The lines to print run from the top of the material below to the line with "Acme Ergonomic mouse pad Black", inclusive; please copy them exactly, without pictures.

Supplied material:
+++
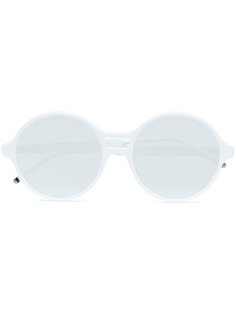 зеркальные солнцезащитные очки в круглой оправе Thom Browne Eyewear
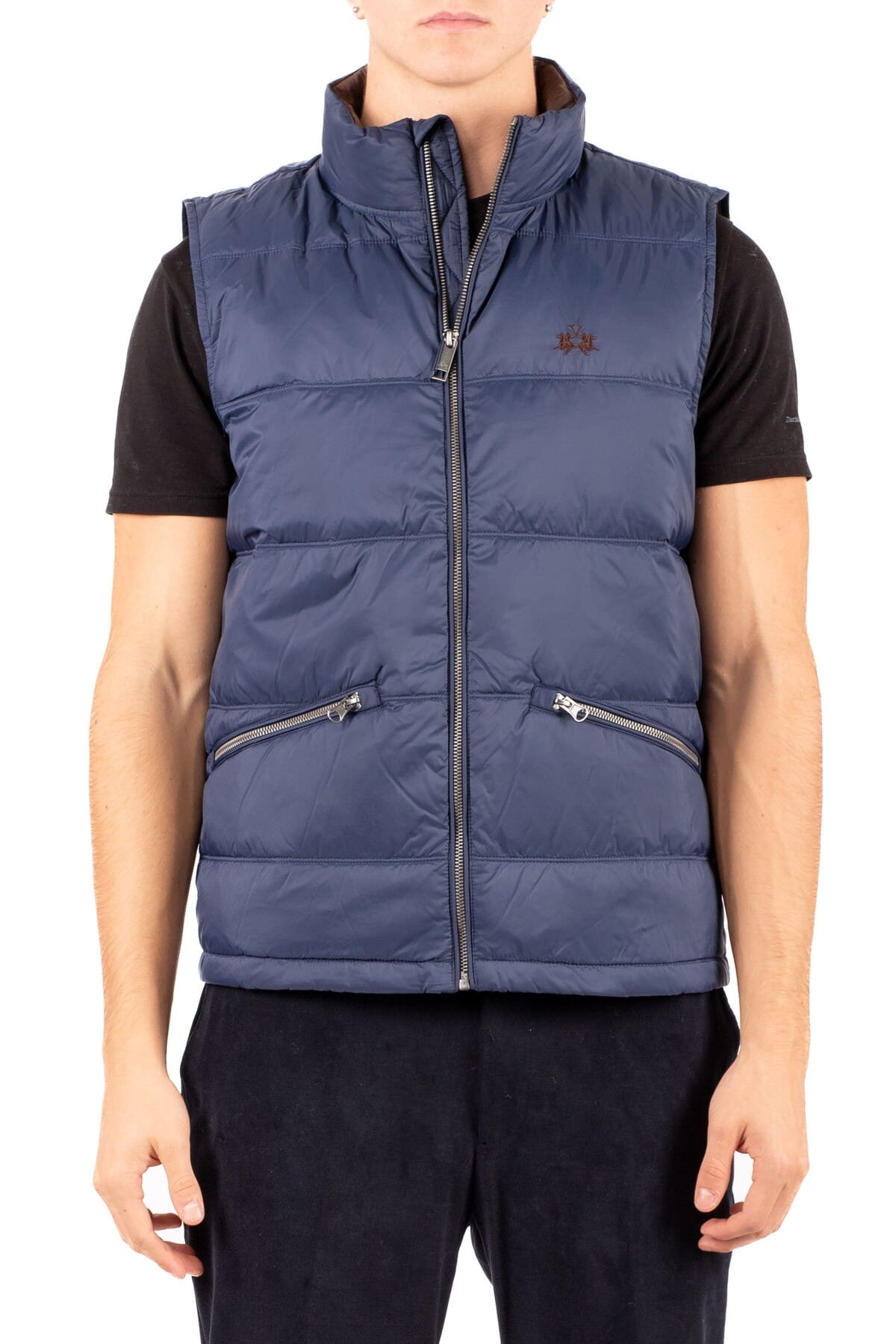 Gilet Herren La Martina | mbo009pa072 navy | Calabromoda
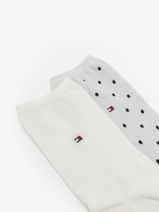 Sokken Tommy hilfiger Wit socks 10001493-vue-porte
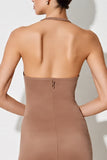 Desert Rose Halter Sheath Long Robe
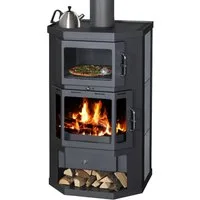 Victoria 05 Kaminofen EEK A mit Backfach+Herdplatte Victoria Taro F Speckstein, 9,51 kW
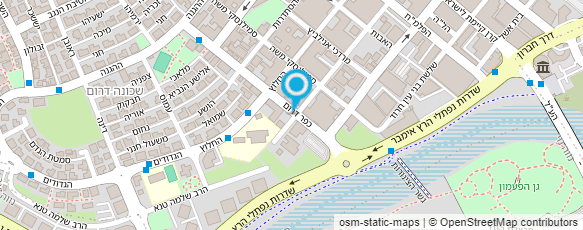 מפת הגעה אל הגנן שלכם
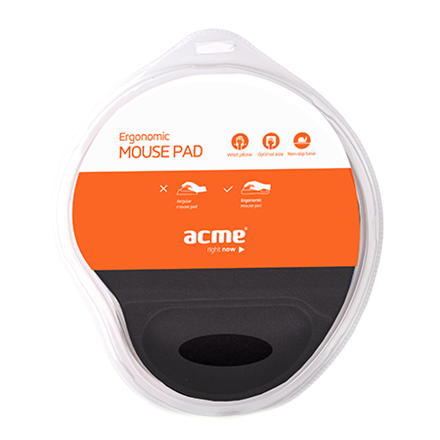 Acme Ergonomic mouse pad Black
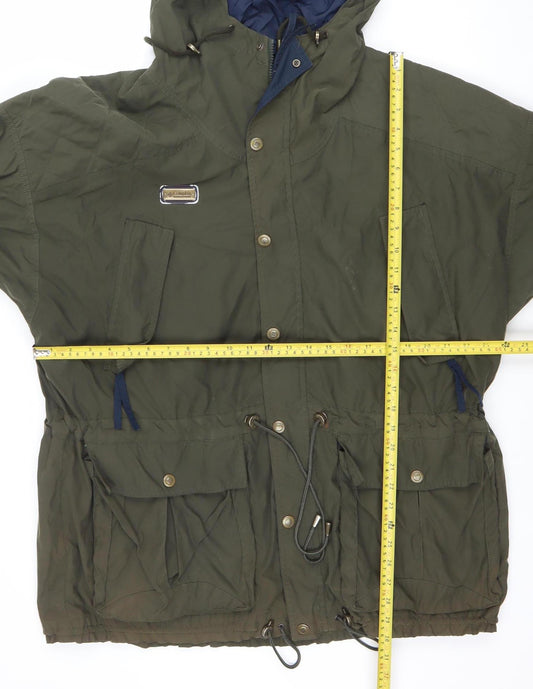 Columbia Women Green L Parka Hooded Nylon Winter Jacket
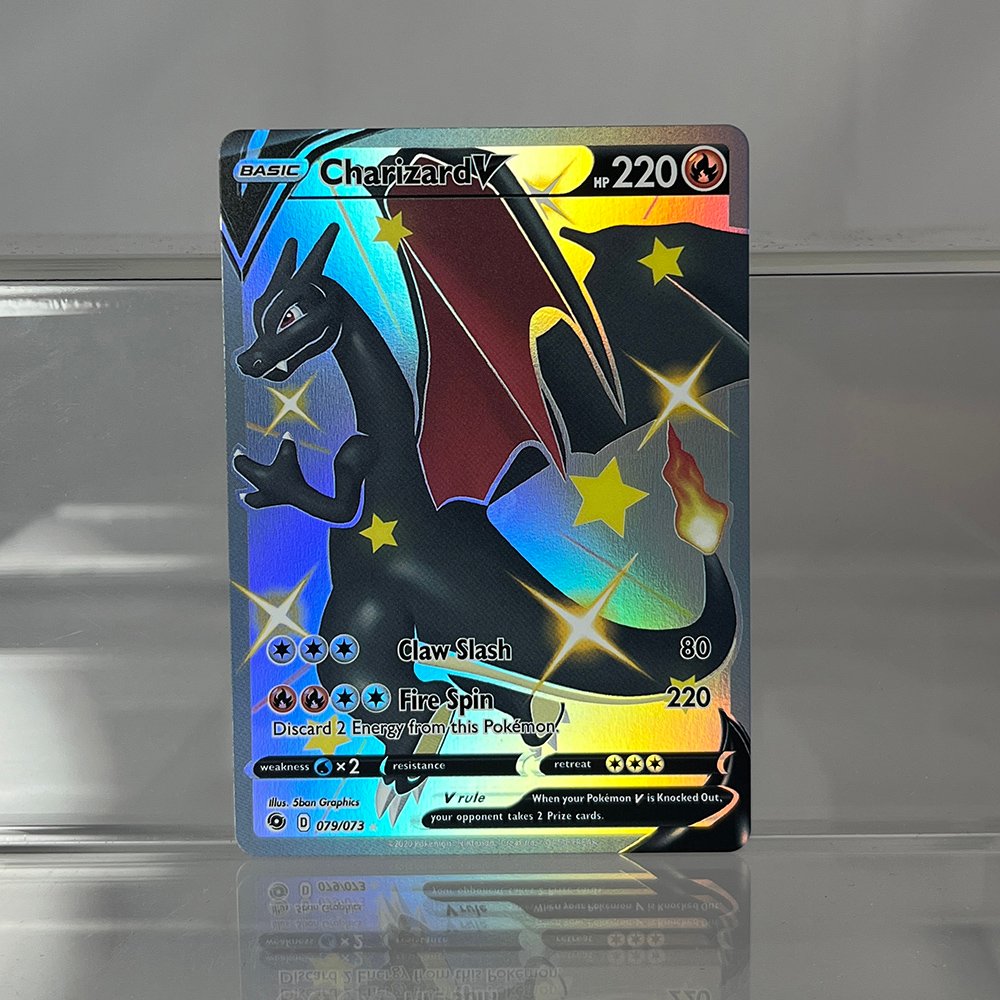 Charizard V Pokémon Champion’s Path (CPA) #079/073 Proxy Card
+++
Response to the task:
 зеркальные солнцезащитные очки в круглой оправе Thom Browne Eyewear
 Gilet Herren La Martina | mbo009pa072 navy | Calabromoda
 Sokken Tommy hilfiger Wit socks 10001493-vue-porte
 Desert Rose Halter Sheath Long Robe
 Victoria 05 Kaminofen EEK A mit Backfach+Herdplatte Victoria Taro F Speckstein, 9,51 kW
 מפת הגעה אל הגנן שלכם
 Acme Ergonomic mouse pad Black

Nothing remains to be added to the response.